Sweet Potatoes – The ‘In’ Vegetable for 2011

I like to keep up with food trends. I am not sure I believe them, but it is fun to follow them. One of the hottest ‘new’ foods for 2011 is the sweet potato. (http://www.epicurious.com/articlesguides/blogs/editor/2010/12/food-trend-predictions-for-2011.html?intcid=epi_hptile4) Can you believe that – sweet potatoes? When I read that, my first thought was to applaud some trend watcher. My second thought was what took you so long? You see, the sweet potato has been a staple of the southern diet for eons.

So why sweet potatoes. First of all they are a nutritional powerhouse. They are high in fiber, beta carotene, and vitamin C and low in calories. They are showing up on more restaurant menus and not just as fries. Google searches for the vegetable have increased by 40% from last year. Now granted we don’t always prepare sweet potatoes in the most nutritionally sound ways. We have topped them with marshmallows – poor sweet potatoes, drowned them in butter and sugar, aka, candied yams and now we even fry them. Sweet potatoes are good on their own and don’t need much adornment to shine.

The sweet potato and white potato are only distantly related. The sweet potato is actually a member of the morning glory family.

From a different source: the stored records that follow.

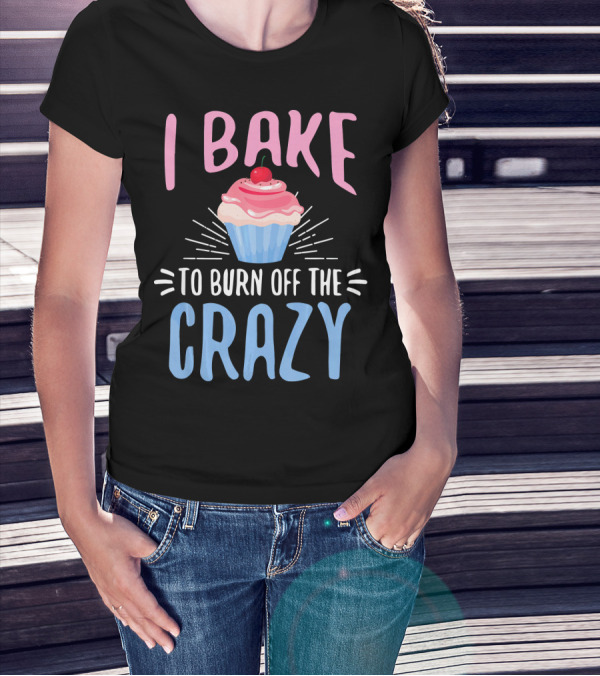 I Bake To Burn Off The Crazy Pastry Cupcake Fun T-Shirt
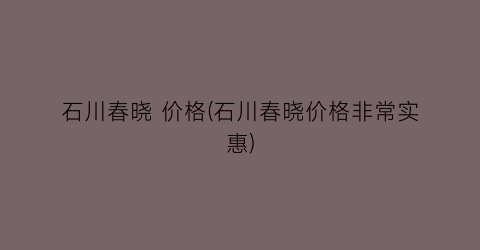 石川春晓 价格(石川春晓价格非常实惠)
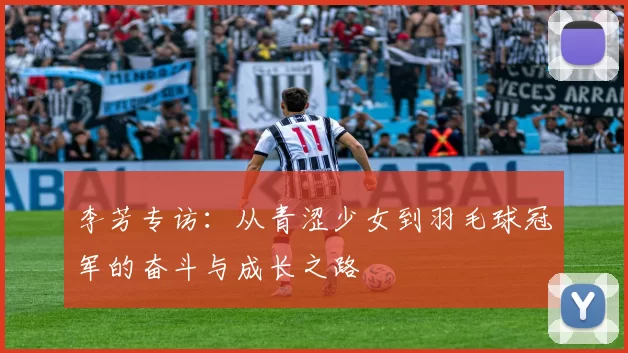 李芳专访:从青涩少女到羽毛球冠军的奋斗与成长之路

Although the leaves are edible, sweet potatoes are grown primarily for their roots. While there are hundreds of varieties of sweet potatoes, there was a time when Americans purchased two basic types, the yellow and deep orange kind. Now there are several varieties readily available to the US consumer. In addition to yellow and orange one can purchase white and purple sweet potatoes. White sweet potatoes contain more starch than the orange varieties and tend to cook up mealy. Orange varieties have a higher sugar content, are more watery and are easily caramelized. Purple sweet potatoes are sometimes referred to as Okinawan potatoes and are native to the Japanese island, Okinawa.

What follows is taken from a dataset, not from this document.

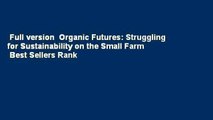 Full version  Organic Futures: Struggling for Sustainability on the Small Farm  Best Sellers Rank
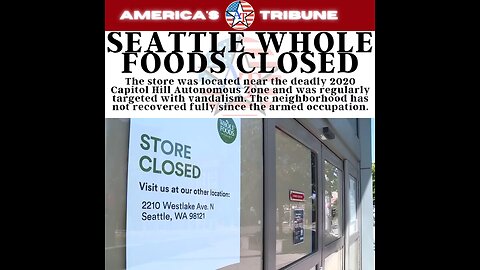 Seattle Whole Foods closes due to weak democrat policies allowing crime without punishment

Roasted sweet potatoes is an excellent recipe for mixing different varieties of sweet potatoes. I like this recipe because it is easy – put it in the oven and walk away. But most of all, it showcases sweet potatoes. It allows the beauty of sweet potatoes to shine.

Roasted Sweet Potatoes

Serves 6.
3 pounds sweet potatoes, about 4 medium
2 Tablespoons vegetable oil
½ teaspoon salt
¼ teaspoon black pepper

1. Wash and peel potatoes. Cut into cubes or French fry shape. Toss with oil, salt and black pepper.

2. Line a rimmed baking sheet with foil. Spray foil lightly with cooking spray. Add potatoes in a single layer.

3. Cover tightly with foil. Turn oven to 425°F and cook for 30 minutes.

4. Remove foil and continue to roast for 15 to 25 minutes or until potatoes are tender.


  1. I love your praise of the sweet potato! I feel the exact same way (as you can tell by my blog name)!